Esse fato pode gerar um grave problema: a captura do regulador (ente regulador de um determinado serviço público) pelo regulado (empresa privada responsável pela prestação de um determinado serviço público). O ente regulador é capturado quando passa a confundir o interesse público com os interesses do ente privado que é por ele regulado.

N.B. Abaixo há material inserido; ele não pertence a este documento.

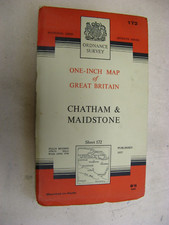 100 original large for sale  MARKET HARBOROUGH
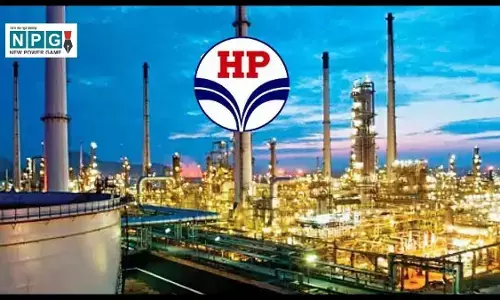 OMC Stocks: तेल कंपनियों के शेयरों में तेजी, ब्रोकरेज फर्म का सकारात्मक रुख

Nos últimos dias, ex-diretores do extinto Departamento de Esgotos Pluviais (DEP) de Porto Alegre; do Departamento Municipal de Água e Esgoto (DMAE), também de Porto Alegre; e da recém privatizada CORSAN, do estado do Rio Grande do Sul, firmaram um Manifesto, conjuntamente com outros especialistas na área, sugerindo uma série de medidas a serem adotadas para reforçar o Sistema de Proteção Contra Inundações de Porto Alegre e facilitar o processo de vazão da atual inundação que atinge a cidade. O mais estarrecedor no Manifesto é que os signatários afirmam que o atual sistema é “robusto, eficiente e fácil de manter”, mas que não está operando por falta de manutenção.
A recuperação e o fortalecimento da atuação do Estado como executor de políticas públicas não significa, contudo, que se desvalorize a participação e o controle social que pode e deve exercer a sociedade civil. A diversidade de vozes, propostas e leituras sobre as mudanças climáticas, suas causas, impactos e formas de enfrentamento precisa pautar as decisões e ações do Estado para dar conta de uma questão tão interdisciplinar quanto o enfrentamento da crise.
Por fim, é importante sublinhar a necessidade de valorização e reconhecimento da ciência como vetor central que deve orientar a ação pública, tanto para prevenção e socorro quanto para planejamento futuro de uma vida sustentável, em todas suas dimensões. O conhecimento científico brasileiro, produzido majoritariamente nas universidades, e particularmente nas públicas, já deu provas, durante a pandemia, de que é valioso e decisivo para lidar com grandes crises e contribuir no combate às questões de escala macro, em estreita colaboração com o Estado.
Ainda que as universidades públicas convivam com ataques permanentes a sua autonomia, é essa sua condição que pode garantir uma pauta de pesquisa orientada pelas grandes questões do nosso tempo, sem subordinação a interesses privados. E nós estamos de prontidão e trabalhando para cumprir essa missão de colaborar na restauração das condições de vida justas e sustentáveis no Planeta.
Aragon Érico Dasso Jr. é docente no curso de Administração Pública e Social, Departamento de Ciências Administrativas da Escola de Administração da UFRGS.
Diogo Joel Demarco é docente no curso de Administração Pública e Social, Departamento de Ciências Administrativas da Escola de Administração da UFRGS.
Pedro de Almeida Costa é docente no curso de Administração Pública e Social, Departamento de Ciências Administrativas da Escola de Administração da UFRGS.
“As manifestações expressas neste veículo não representam obrigatoriamente o posicionamento da UFRGS como um todo.”